Cool, I'm glad it worked out. I used mine today on a little deck. They are awesome on certain things. 
The only trouble I had was getting replacement pads that hold the paper. They only list for about $20, but they were on back order for 3 months or something crazy. Ended up using the repair kit that you glue on.


----------



## Delta Painting (Apr 27, 2010)

HorizonPainting said:


> Well, I went out and purchased the Dewalt you described. It was $89 at Lowes and worth every penny. It made short work of the "fuzz" on the siding. I went though about 10 sanding disks, which wasn't much. The HO was very impressed on how well the siding turned out. I went over it with PPG Speedhide primer. I'm wondering if the PPG Sealgrip wood permanizer would have been a better choice... maybe next time. Thanks for the tip on the sander!



Got any finish pic's?


----------



## HorizonPainting (Apr 1, 2011)

The first pic is after sanding. Second is after final coats. It was a rough and messy job, but the HO was very happy. I could have spent a week on it, but they wanted it done ASAP.


----------



## HorizonPainting (Apr 1, 2011)

The siding was still green from the solid color stain they tried to use to cover up the damage.


----------



## KD PAINTING (Nov 8, 2012)

Sanding would help here, it will take some time...Good Luck!


----------



## Pete Martin the Painter (Nov 8, 2012)

cdpainting said:


> after priming it made the fibers stiff and made it easier to sand the fibers off.
> 
> Good luck that don't look like fun.



I have never dealt with anything on this scale, but I have found that this works. When I have dealt with "fuzzy" clapboards that seemed to take forever to get smooth with a sander, I just prime and then sand. The stiff fibers come off much easier.


----------



## moser22 (Aug 1, 2014)

*Pressure wash eched into cedar*

We (HO) have a similar situation where you can see where he went back and forth with the washer sprayer. We have put one coat of primer and one coat of paint and you can still see the lines...its horrible looking. Would the above 'fix' work for this as well?


----------



## Jmayspaint (Mar 26, 2013)

moser22 said:


> We (HO) have a similar situation where you can see where he went back and forth with the washer sprayer. We have put one coat of primer and one coat of paint and you can still see the lines...its horrible looking. Would the above 'fix' work for this as well?

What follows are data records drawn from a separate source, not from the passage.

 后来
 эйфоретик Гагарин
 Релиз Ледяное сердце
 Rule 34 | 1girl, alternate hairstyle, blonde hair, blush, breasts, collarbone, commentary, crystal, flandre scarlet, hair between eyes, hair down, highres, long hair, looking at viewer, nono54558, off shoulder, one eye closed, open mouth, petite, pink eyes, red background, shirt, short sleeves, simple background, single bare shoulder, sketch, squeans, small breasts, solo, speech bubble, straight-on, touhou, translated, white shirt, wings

Now that it's painted, sanding isn't going to be very effective unless you sand all the paint off. 

If this thread gets shut down, come on over to the DIY section of the forums.


----------



## moser22 (Aug 1, 2014)

Thanks for replying! Are there any alternatives? Like a thicker primer and more paint?


----------



## Bender (Aug 10, 2008)

moser22 said:


> Thanks for replying! Are there any alternatives? Like a thicker primer and more paint?


Behr
siding, paint and primer in one:jester:


----------



## bmoorecl (May 29, 2013)

Bet,they used a turbo nozzle.most of them does.for fast removal,That nozzle just grits.away wood.at high pressure.


----------



## Krittterkare (Jul 12, 2013)

Delta Painting said:


> I have seen a lot worse bone head amateur's thinking a washer is a scraper...
> 
> Thank You! A pressure washer is used to clean a house and a paint scraper is used to scrape paint, rarely is a washer a shortcut to scraping, so many times I get to a job and paintchips everywhere and more prep and a worse looking surface then before and they failed to wash concrete that meets siding that has a pile of dusty crud left behind that could have been easily masked off.


----------